The course will consist in three lectures, with contributions from Steven Diamond (Stanford): (i) Convex Optimization Overview; (ii) Constructive Convex Analysis and Disciplined Convex Programming; (iii) Convex Optimization Applications.
Convex optimization has emerged as useful tool for applications that include data analysis and model fitting, resource allocation, engineering design, network design and optimization, finance, and control and signal processing. The first of three lectures in this short course is an overview of optimization in general, focussing on convex optimization in particular. The second lecture covers constructive convex analysis and disciplined convex programming, the basis for several software packages for convex optimization, including CVX and CVXPY. The third lecture addresses several applications in finance, data fitting, and advertising.
Topics in Selective Inference
The big data era has created a new scientific paradigm: collect data first, ask questions later. When the universe of scientific hypotheses that are being examined simultaneously is not taken account, inferences are likely to be false. The consequence is that follow up studies are likely not to be able to reproduce earlier reported findings or discoveries. This reproducibility failure bears a substantial cost and this talk will review recent progress in the field of statistics to address this critical issue. Consider two vignettes: first, imagine that we observe a response variable together with a large number of potential explanatory variables, and would like to be able to discover which variables are truly associated with the response. At the same time, we need to know that the false discovery rate (FDR)---the expected fraction of false discoveries among all discoveries---is not too high, in order to assure the scientist that most of the discoveries are indeed true and replicable. Here, we shall discuss the knockoff filter, a new variable selection procedure, which rigorously controls the FDR in this setting. Second, it is well known that most inferential methods fail if they are preceded by data snooping. Yet, in the big data era, data snooping is the rule more often than not. We introduce several post-selection inference frameworks which provide formally valid inference after looking at the data. Finally, we shall explore connections between inferential issues and estimation issues and explain in what sense the FDR is a powerful concept for building purely predictive models as in machine learning.
Machine Learning for Computer Vision
The lecture will focus on computationally-efficient learning algorithms for large-scale visual recognition of images and videos.
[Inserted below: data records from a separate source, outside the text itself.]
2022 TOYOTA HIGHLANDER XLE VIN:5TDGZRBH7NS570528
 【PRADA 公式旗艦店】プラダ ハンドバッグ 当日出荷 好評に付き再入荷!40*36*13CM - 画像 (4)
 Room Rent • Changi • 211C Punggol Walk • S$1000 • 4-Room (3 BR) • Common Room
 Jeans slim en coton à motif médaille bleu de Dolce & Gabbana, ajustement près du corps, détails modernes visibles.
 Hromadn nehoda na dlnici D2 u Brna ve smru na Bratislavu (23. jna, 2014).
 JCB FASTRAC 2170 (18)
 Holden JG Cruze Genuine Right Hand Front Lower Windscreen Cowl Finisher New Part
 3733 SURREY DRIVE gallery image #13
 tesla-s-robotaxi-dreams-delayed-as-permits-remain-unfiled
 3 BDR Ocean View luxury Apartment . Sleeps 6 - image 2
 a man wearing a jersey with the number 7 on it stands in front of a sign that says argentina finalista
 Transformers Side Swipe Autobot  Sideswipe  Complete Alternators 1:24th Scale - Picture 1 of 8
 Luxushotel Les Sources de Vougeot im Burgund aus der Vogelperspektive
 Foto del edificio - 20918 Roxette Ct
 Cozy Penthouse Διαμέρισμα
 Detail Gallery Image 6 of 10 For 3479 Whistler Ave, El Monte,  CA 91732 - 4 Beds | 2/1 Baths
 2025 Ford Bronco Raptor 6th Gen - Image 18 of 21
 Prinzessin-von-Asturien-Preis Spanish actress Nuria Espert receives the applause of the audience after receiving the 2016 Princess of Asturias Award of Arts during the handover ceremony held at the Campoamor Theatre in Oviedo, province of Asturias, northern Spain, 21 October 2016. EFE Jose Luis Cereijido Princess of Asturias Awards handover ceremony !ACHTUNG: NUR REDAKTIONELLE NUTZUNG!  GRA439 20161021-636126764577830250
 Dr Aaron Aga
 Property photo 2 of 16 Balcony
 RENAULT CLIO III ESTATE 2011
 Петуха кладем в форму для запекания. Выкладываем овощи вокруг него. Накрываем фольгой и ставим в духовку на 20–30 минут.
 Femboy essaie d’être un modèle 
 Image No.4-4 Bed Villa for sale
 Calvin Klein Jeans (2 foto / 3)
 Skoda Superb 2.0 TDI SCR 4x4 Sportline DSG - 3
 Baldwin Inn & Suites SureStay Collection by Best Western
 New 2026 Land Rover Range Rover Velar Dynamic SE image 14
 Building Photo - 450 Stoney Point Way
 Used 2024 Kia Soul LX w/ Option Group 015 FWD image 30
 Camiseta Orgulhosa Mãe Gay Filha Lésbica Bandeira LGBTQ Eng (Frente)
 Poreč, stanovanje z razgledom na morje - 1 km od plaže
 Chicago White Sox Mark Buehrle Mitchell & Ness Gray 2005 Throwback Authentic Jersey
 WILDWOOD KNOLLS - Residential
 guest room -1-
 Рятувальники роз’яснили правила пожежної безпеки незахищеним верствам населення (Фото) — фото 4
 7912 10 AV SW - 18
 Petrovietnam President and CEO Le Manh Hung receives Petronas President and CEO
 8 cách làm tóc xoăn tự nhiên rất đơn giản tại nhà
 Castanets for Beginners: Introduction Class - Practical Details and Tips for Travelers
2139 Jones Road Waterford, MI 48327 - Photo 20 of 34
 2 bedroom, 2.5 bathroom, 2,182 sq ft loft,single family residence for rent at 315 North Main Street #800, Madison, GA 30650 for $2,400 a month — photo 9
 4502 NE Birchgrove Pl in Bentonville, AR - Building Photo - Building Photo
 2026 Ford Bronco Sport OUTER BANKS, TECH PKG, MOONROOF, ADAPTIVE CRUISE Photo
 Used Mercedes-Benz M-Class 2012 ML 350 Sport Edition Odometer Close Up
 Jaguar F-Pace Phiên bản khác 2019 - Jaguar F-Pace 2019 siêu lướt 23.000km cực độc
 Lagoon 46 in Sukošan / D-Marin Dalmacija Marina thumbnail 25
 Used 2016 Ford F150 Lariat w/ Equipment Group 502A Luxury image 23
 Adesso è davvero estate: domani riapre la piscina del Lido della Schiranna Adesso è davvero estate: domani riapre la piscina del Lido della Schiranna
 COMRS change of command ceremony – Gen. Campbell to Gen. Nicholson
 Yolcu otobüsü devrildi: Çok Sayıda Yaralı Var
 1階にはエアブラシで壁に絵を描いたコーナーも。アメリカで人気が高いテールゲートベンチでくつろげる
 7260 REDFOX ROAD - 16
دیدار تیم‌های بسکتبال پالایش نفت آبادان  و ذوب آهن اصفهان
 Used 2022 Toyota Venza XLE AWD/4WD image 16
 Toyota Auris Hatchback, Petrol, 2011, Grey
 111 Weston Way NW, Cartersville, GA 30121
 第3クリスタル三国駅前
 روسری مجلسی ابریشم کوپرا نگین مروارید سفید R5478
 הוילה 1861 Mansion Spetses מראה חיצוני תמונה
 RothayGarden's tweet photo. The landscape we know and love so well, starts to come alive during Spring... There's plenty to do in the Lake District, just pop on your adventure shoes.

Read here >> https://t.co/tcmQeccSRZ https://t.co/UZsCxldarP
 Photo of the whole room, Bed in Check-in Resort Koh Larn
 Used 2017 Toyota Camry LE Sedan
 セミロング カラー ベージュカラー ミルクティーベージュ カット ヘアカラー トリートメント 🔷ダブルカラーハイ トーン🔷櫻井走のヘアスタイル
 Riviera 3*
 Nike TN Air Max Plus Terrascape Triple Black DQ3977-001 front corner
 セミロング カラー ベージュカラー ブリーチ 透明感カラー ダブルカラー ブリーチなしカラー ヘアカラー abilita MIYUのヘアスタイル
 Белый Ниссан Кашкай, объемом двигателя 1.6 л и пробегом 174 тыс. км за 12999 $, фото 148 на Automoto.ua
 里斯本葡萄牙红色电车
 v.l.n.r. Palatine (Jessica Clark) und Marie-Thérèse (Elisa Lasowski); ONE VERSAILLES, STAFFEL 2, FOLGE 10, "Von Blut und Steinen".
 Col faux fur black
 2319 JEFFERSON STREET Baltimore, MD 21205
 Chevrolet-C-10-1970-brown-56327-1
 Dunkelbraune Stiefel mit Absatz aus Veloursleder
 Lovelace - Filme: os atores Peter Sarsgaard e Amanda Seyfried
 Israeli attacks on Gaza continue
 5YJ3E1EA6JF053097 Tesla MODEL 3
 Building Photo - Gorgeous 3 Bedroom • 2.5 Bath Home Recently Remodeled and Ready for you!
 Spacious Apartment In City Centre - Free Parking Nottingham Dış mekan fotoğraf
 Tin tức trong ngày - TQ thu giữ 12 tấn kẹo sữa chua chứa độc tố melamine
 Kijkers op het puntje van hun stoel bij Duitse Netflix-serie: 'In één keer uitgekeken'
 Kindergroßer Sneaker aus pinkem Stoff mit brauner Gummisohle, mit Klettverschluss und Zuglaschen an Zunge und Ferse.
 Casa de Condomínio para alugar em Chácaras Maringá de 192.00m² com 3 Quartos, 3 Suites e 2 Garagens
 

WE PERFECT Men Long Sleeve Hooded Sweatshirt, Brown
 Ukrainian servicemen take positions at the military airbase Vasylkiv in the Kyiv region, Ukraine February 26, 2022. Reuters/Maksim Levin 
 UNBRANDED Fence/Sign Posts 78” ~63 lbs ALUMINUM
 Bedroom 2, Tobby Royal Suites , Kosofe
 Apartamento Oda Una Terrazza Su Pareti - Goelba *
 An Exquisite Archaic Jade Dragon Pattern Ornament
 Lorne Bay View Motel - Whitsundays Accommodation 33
We will describe state-of-the-art efficient approaches to scale with respect to the three fundamental dimensions of learning: the number of examples, the number of features (effective dimension of feature representation), and the number of categories. We will present the approaches under a common framework, by highlighting how they can understood as decomposition schemes with respect to each of these dimensions. We will start with stochastic gradient and dual coordinate descent approaches which allow scaling linearly with respect to the number of examples. We will then present recent approaches for learning feature representations, reviewing both supervised and unsupervised ones, with an emphasis on deep-conv-net-type feature representations. Finally, we will present one-vs-rest, multi-class, label-embedding, approaches for multi-class/multi-label classification.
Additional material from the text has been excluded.